The fused forms expose the full gather/scatter as a single node that a single TRT plugin
can implement, avoiding a TRT↔PyTorch transition mid-communication. Only active when
``use_distributed_mode_trace=True``.

fuse_prims_broadcast
^^^^^^^^^^^^^^^^^^^^^

**File**: ``fuse_prims_broadcast.py``

Rewrites ``prims.sum`` + ``prims.broadcast_in_dim`` patterns into their ATen
equivalents (``aten.sum`` with ``keepdim=True``). The ``prims`` namespace is the
low-level decomposition layer below Core ATen; most converters target ATen, so this
pass lifts prims patterns back up to ATen for better converter coverage.

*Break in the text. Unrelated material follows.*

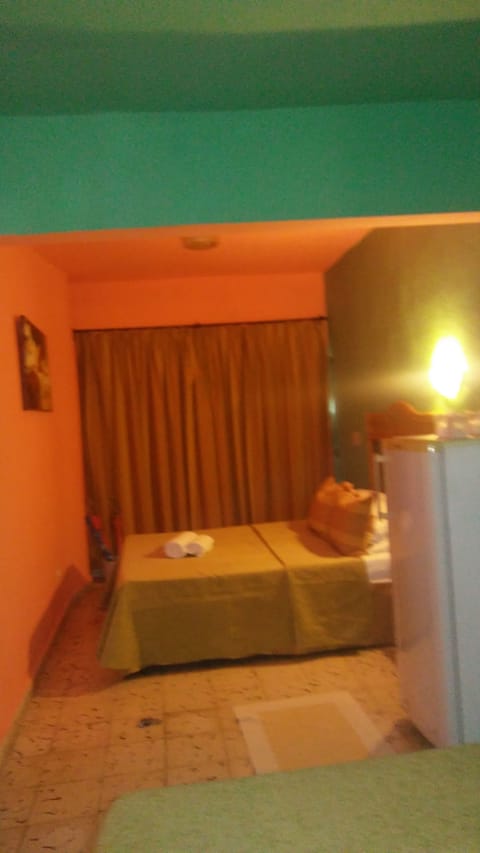 Economy Double Room, 2 Queen Beds, Non Smoking | Bathroom | Shower, rainfall showerhead, free toiletries, towels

replace_max_pool_with_indices
^^^^^^^^^^^^^^^^^^^^^^^^^^^^^^

**File**: ``replace_max_pool_with_indices.py``

Replaces ``aten.max_pool{1,2,3}d_with_indices`` + ``aten.getitem[0]`` sequences with
the simpler ``aten.max_pool{1,2,3}d`` variants when only the values (not the indices)
are consumed. The ``*_with_indices`` variants are harder for TRT to optimize; this
simplification enables the direct ``INetworkDefinition::addPoolingNd`` path.

rule_based_autocast
^^^^^^^^^^^^^^^^^^^^

**File**: ``rule_based_autocast.py``

When ``enable_autocast=True`` in ``CompilationSettings``, this pass inserts precision
cast nodes into the graph based on a set of rules:

1. **Output range check** — nodes whose outputs exceed ``autocast_max_output_threshold``
   are kept in FP32 (guarded against overflow).
2. **Reduction depth check** — nodes with reduction depth exceeding
   ``autocast_max_depth_of_reduction`` are kept in FP32 (guarded against accumulated
   error).
3. **Name exclusions** — nodes matching any pattern in ``autocast_excluded_nodes`` are
   kept in FP32.
4. **Op exclusions** — nodes with targets in ``autocast_excluded_ops`` are kept in FP32.
5. **Calibration** — if ``autocast_calibration_dataloader`` is provided, actual output
   ranges are measured by running the model on calibration data before applying the
   threshold check.

The pass inserts explicit ``aten._to_copy`` cast nodes around qualified operations to
reduce them to ``autocast_low_precision_type`` (FP16 or BF16).

remove_sym_nodes
^^^^^^^^^^^^^^^^^

**File**: ``remove_sym_nodes.py``

Removes ``sym_int`` placeholder nodes that ``torch.compile`` with ``dynamic=True``
inserts to represent symbolic integer values. These nodes carry shape information for
the tracing engine but have no runtime meaning for TRT. The pass replaces references
to symbolic integers with ``aten.sym_size`` queries on the concrete tensors, preserving
shape information while eliminating nodes TRT cannot process.

complex_graph_rewrite
^^^^^^^^^^^^^^^^^^^^^^

**File**: ``complex_graph_rewrite.py``

TensorRT has no complex-number dtype support. This pass detects subgraphs that operate
on ``complex64``/``complex128`` tensors and rewrites them to equivalent real arithmetic:

* **Input placeholders** with complex dtype are replaced by float placeholders with an
  appended trailing ``2`` dimension (``view_as_real`` layout).
* **``get_attr`` buffers** with complex dtype are unpacked into a float buffer of shape
  ``(*original_shape, 2)``.
* **``aten.mul``** between complex-typed nodes is rewritten to
  ``(ac - bd) + (ad + bc)i`` real arithmetic.
* **``aten.view_as_real``** and **``aten.view_as_complex``** nodes are erased (they
  become identity operations after the rewrite).

See :ref:`complex_tensor_lowering` (MEMORY.md) for invariants and limitations.